Asylum policy
#RefugeesCrisis: EU starts implementing controversial EU-Turkey deal
Thousands of EU staff start arriving on the Greek islands of Lesbos and Chios on Monday 28 March to take on the daunting task of mass repatriation of asylum seekers to Turkey, writes Martin Banks.
Some 4,000 staff, including judges, interpreters, migration officers, asylum experts, border guards and others will be deployed, tasked with managing each case individually.
The staff are drawn from member states, the European Asylum Support Office (EASO) and EU agency FRONTEX. They will be backed up by 1,000 security staff and 200 Greek asylum service case workers. France and Germany have offered to send up to 600 police and asylum experts, while Romania will send 70.
An estimated 47,500 migrants are currently stranded on Greek territory.
The huge emergency mobilisation, costing an estimated €6 million in the first six months, follows the recent agreement reached between the EU and Turkey to return all new irregular migrants crossing from Turkey into the Greek islands.
Under the deal, for every Syrian among those sent back from Greece to Turkey, the EU will resettle one Syrian from the Turkish refugee camps where nearly three million people are living after fleeing their country's brutal civil war.

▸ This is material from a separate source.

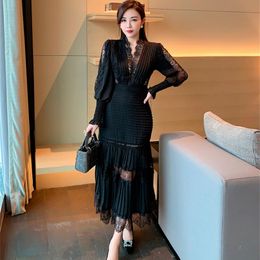 JSXDHK Fashion Runway Women Pleated Party Dress Spring Sexy V Neck Lantern Sleeve Chiffon Patchwork Lace Bodycon Slim Long 220611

The EU has also agreed to double refugee aid to Turkey to €6 billion, pave the way for visa-free travel to Turks in Europe's Schengen passport-free zone and speed up progress in Turkey’s EU membership talks.
The aim is to cut off a route that enabled 850,000 people to pour into Europe last year.
The returns are to begin on April 4, as would resettlement of Syrian refugees in Europe. The aim is for 6,000 relocations to be completed within the next month and at least 20,000 by mid-May 2016.
The operation will be supervised by Maarten Verwey, the European Commission's Director-General of the Structural Reforms Support Service.
However, the EU/Turkey deal has faced international criticism and deep doubts remain about whether it is legal or workable.
The European Council on Foreign Relations said, "If this is the cornerstone of the EU’s new response to the crisis it is a rather fragile one: mass readmissions are not only legally questionable but require large resources to be implemented. They are unlikely to work as a deterrent as long as there are no legal pathways into Europe: people fleeing war would still try to get into Europe one way or another."
Janis Emmanouilidis, of the Brussels-based European Policy Centre, said the plan may cut the numbers arriving in Europe but would "neither settle the crisis nor provide adequate response to those in need of international protection."
MEP Diane James, UKIP's Justice and Home Affairs spokeswoman,said, "The whole concept remains deeply flawed as the objective is more a migrant merry-go-round than protecting EU citizens.Insufficient resources planned to really validate personal details and stop radicalised or terrorism intent individuals coming in via this porous pathway."